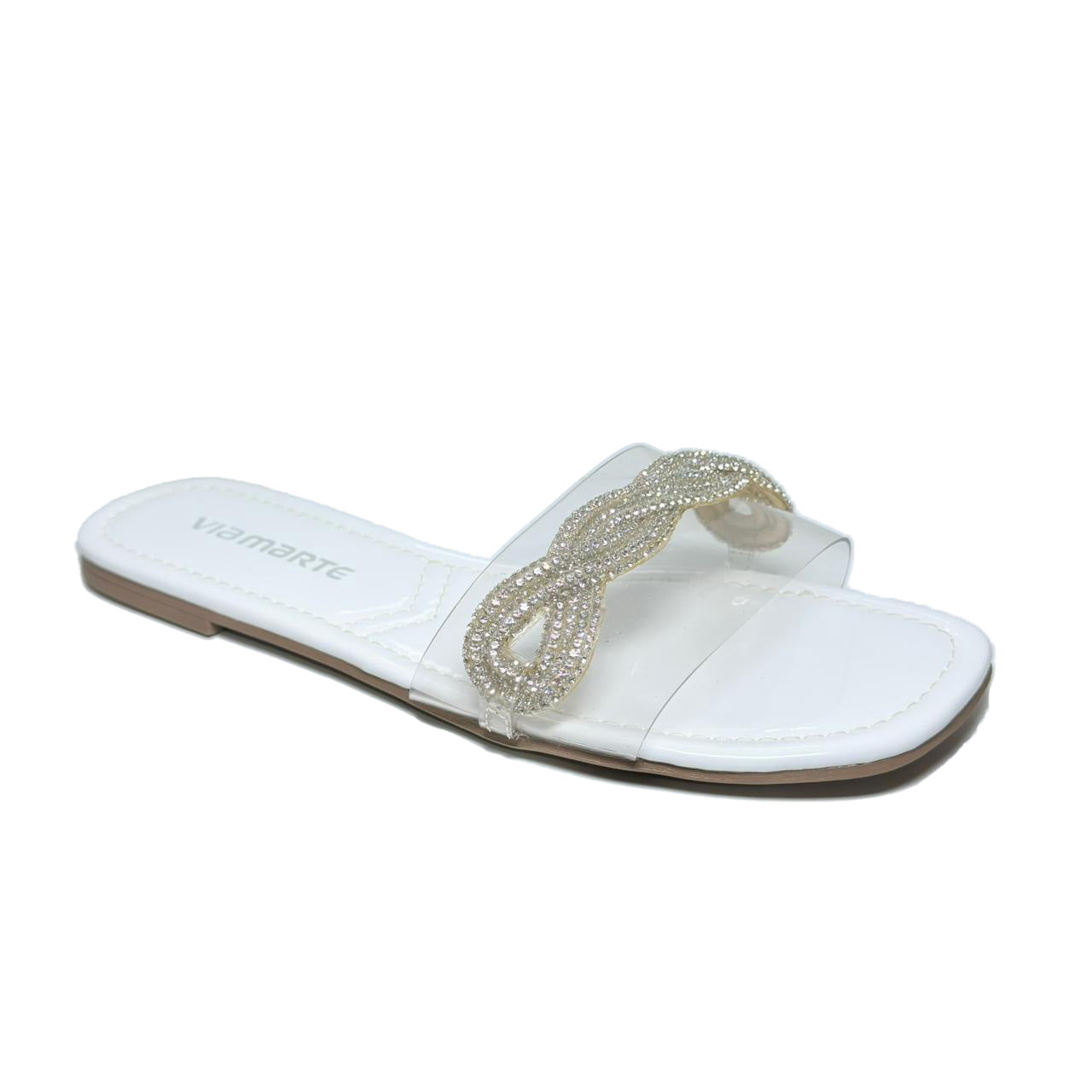 Viamarte 21-15501-02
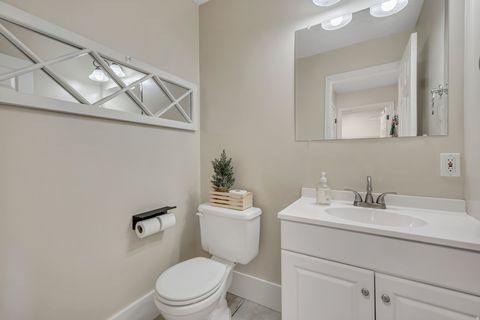 Tiny photo for 9851 S BIRDIE WAY, South Jordan, UT 84009 (MLS # 2129140)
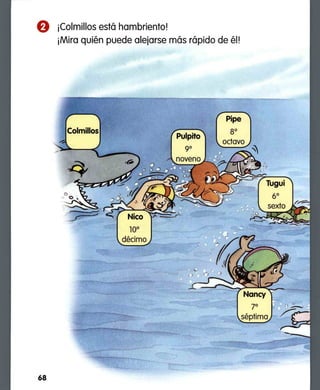 -1-a-Libro-Del-Alumno.pdf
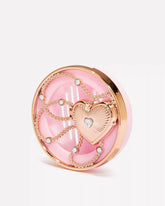 Locket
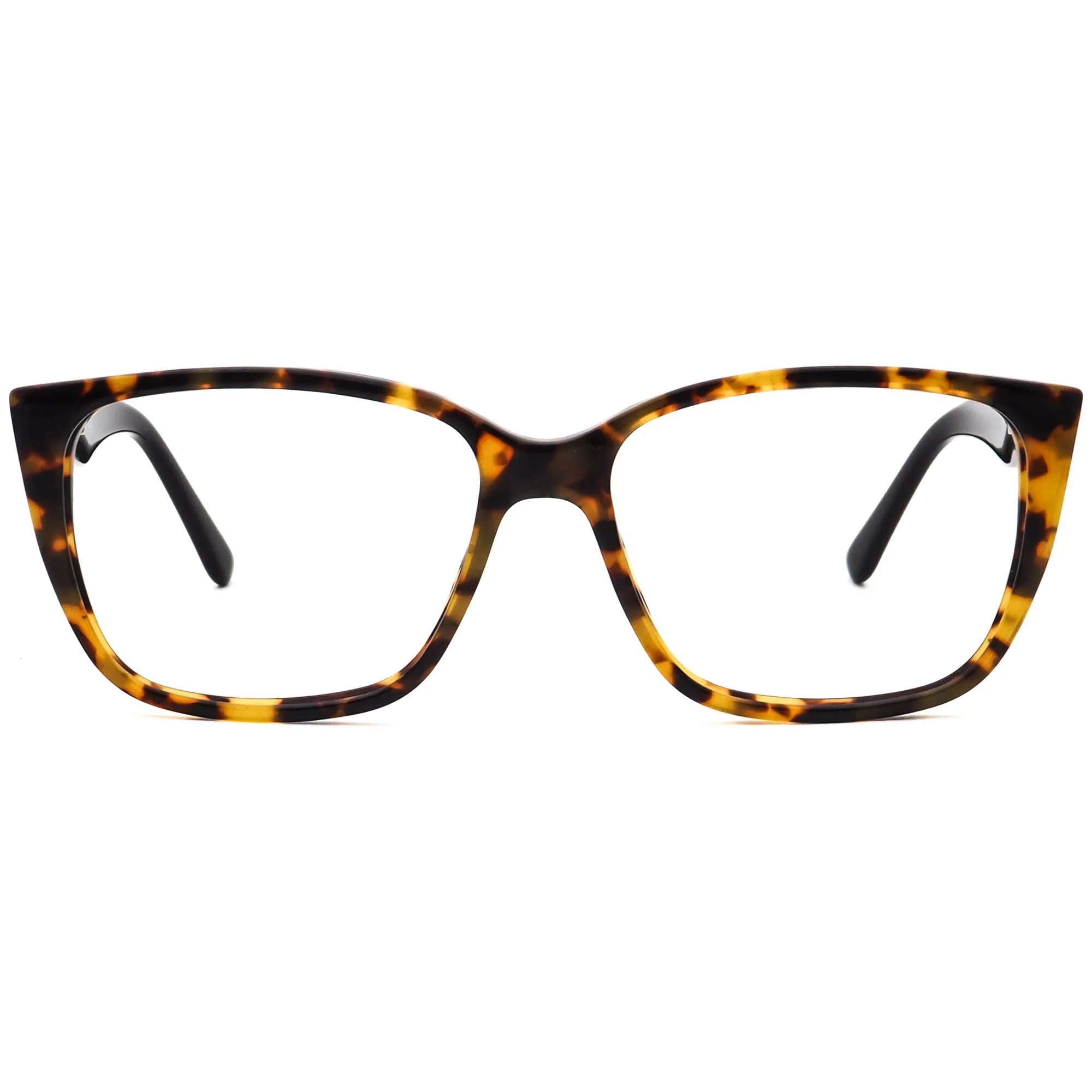 Prada OPR 08TV U6M-1O1  52□15 140 - Image 2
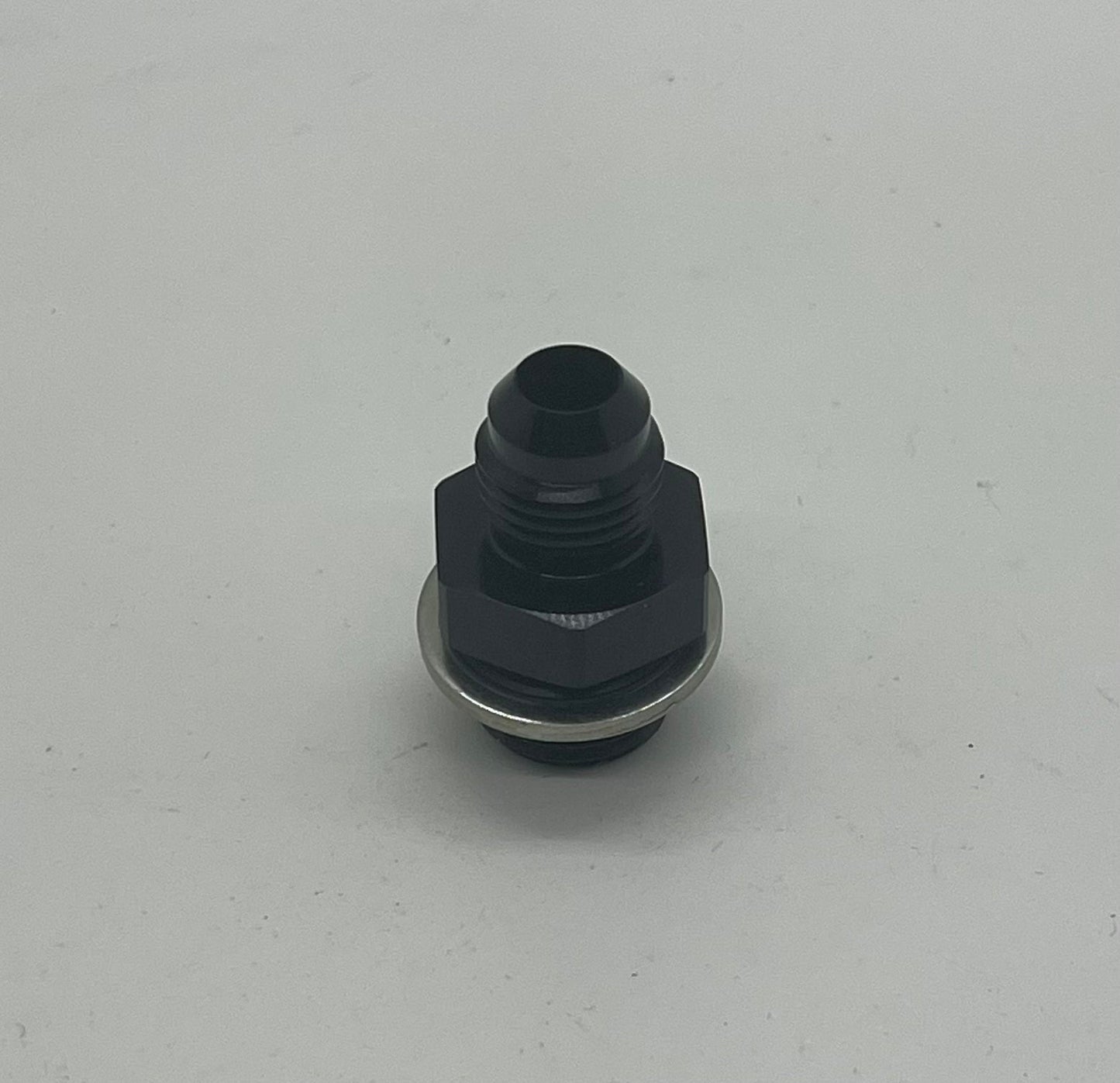 Fittings - AN06-16MMX1.5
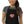 Load image into Gallery viewer, Apron - Embroidered With Boom Boom Room Heart Logo
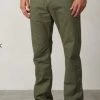 PrAna Tucson Slim Fit Pants - Men's
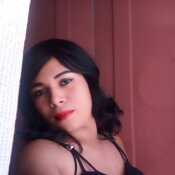 angelito001yxes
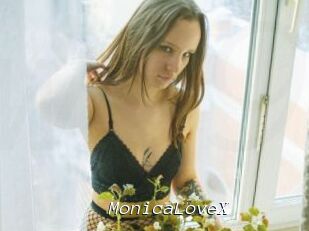 MonicaLoveX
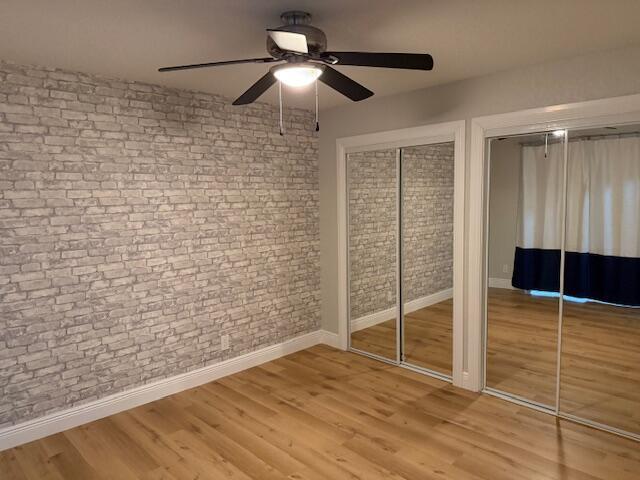Building Photo - 1603 Hollyhock Rd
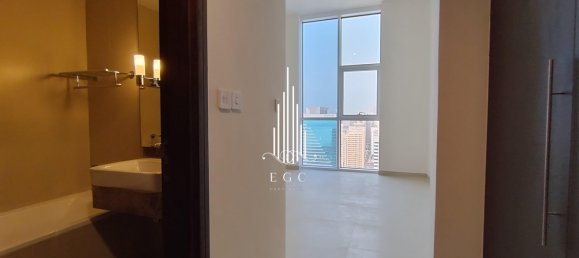 4 غرف نوم شقة في Corniche Road, UAE رقم 56184 8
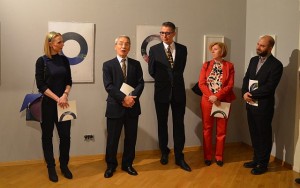 Keiji Takiguchi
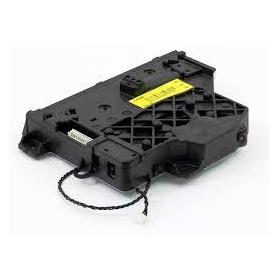 Lexmark Laser printhead belt fuser (40X7597)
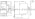 Siemens 3RV1 142-4FA10 Control Product Image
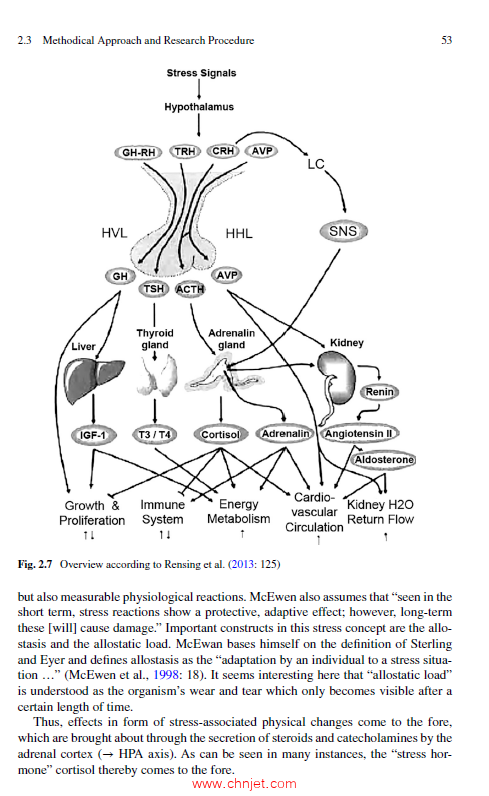 《Critical Incident Stress Management (CISM)：Exploring Effective Mechanisms》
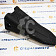 Коронка скальная СК-0001300 AILI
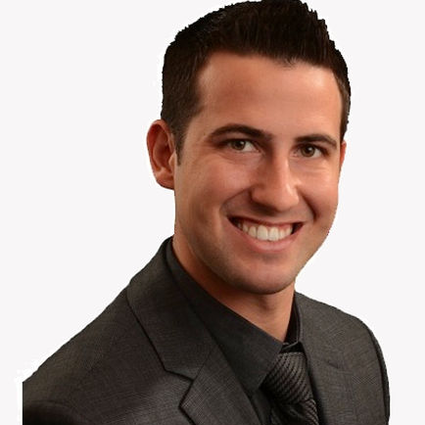 Michael Bass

______________________________

**Task statement**
Each line from the first line of the listing above through the line containing "Lexmark Laser printhead belt fuser (40X7597)" is to be written out exactly, and the pictures are to be left out.

**Answer to the problem**
 Viamarte 21-15501-02
 Tiny photo for 9851 S BIRDIE WAY, South Jordan, UT 84009 (MLS # 2129140)
 -1-a-Libro-Del-Alumno.pdf
 Locket
 Prada OPR 08TV U6M-1O1  52□15 140 - Image 2
 Fittings - AN06-16MMX1.5
 Load image into Gallery viewer, Apron - Embroidered With Boom Boom Room Heart Logo
 PrAna Tucson Slim Fit Pants - Men's
 angelito001yxes
 MonicaLoveX
Building Photo - 1603 Hollyhock Rd
 4 غرف نوم شقة في Corniche Road, UAE رقم 56184 8
 Keiji Takiguchi
 Lexmark Laser printhead belt fuser (40X7597)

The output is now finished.